That old-fashioned archetype could find no home in the new, hyper-partisan political landscape, where compromise was seen as weakness, where bipartisanship seemed disloyal, where ideology mattered more than intelligence. In the end, Sen. Specter's virtues became his liabilities.
By the autumn of his career, Sen. Specter found himself viewed as an anachronism, and worse yet, a Washington insider in the Tea Party age. The deft politician who had survived many political challenges couldn't survive the great swing to the right that had purged his party of those in the moderate middle.

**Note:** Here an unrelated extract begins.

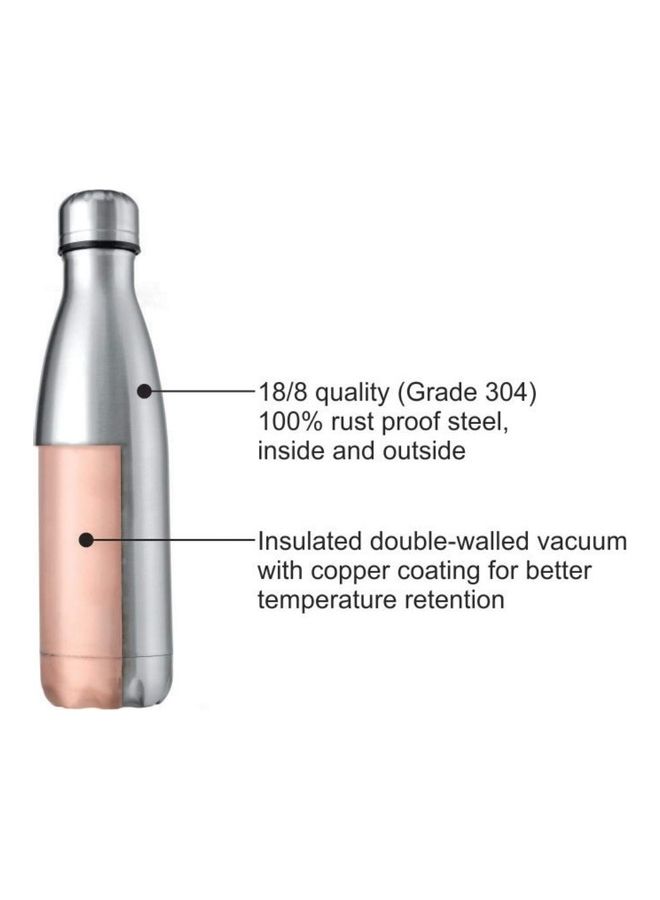 Vacuum Insulated Flask Water Bottle Silver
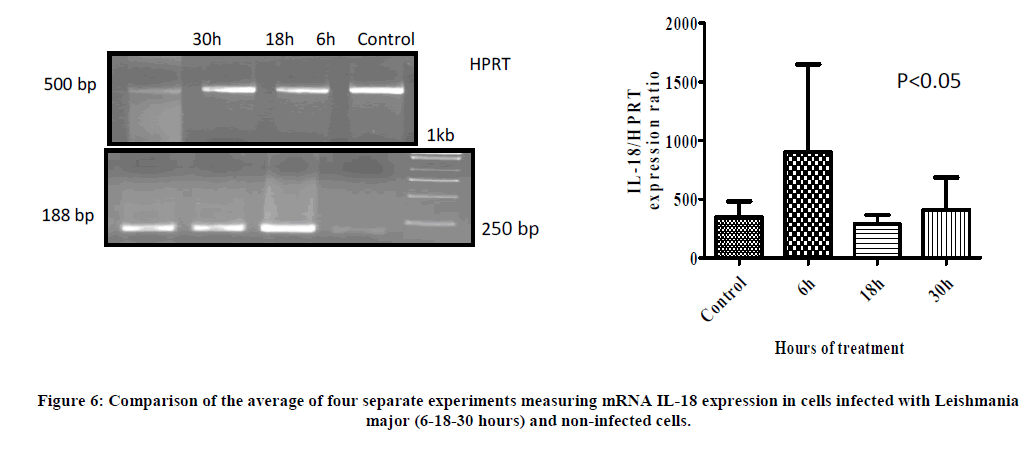 european-journal-of-experimental-experiments-measuring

Knowing that he would probably lose a primary challenge rematch to Pat Toomey in 2010, Sen. Specter switched to the Democratic Party in April 2009. Although he had voted for President Barack Obama's stimulus plan, the Democrats were no more willing than Republicans to have a senator not sufficiently steeped in their positions and attitudes. He lost the primary to Joe Sestak, who lost in the general election to now Sen. Toomey.
But this final chapter will be remembered less than the years when Sen. Specter helped to hold the center firm for the good of Pennsylvania and the nation. As a former prosecutor, he was among the last of the fighting moderates. His dedication, hard work, common-sensical approach and political savvy were a greater testament to his work, which was studded by many memorable moments.
Whether it was service on the Warren Commission investigating the assassination of President John F. Kennedy, his shrewd questioning of nominees before the Senate Judiciary Committee (which he eventually chaired) or his quirky but decent-minded vote of "not proven" in the Clinton impeachment trial, Sen. Specter was a Republican who was his own man -- one who put the nation's interest over the party line and was as much for the steelworker as the stockbroker.
It is often said in memorials to a person that we will never see the likes of him again. With Arlen Specter, it rings true. Until undone by a political climate that seeks only black and white opinions, Sen. Specter dazzled with his coat of many colors.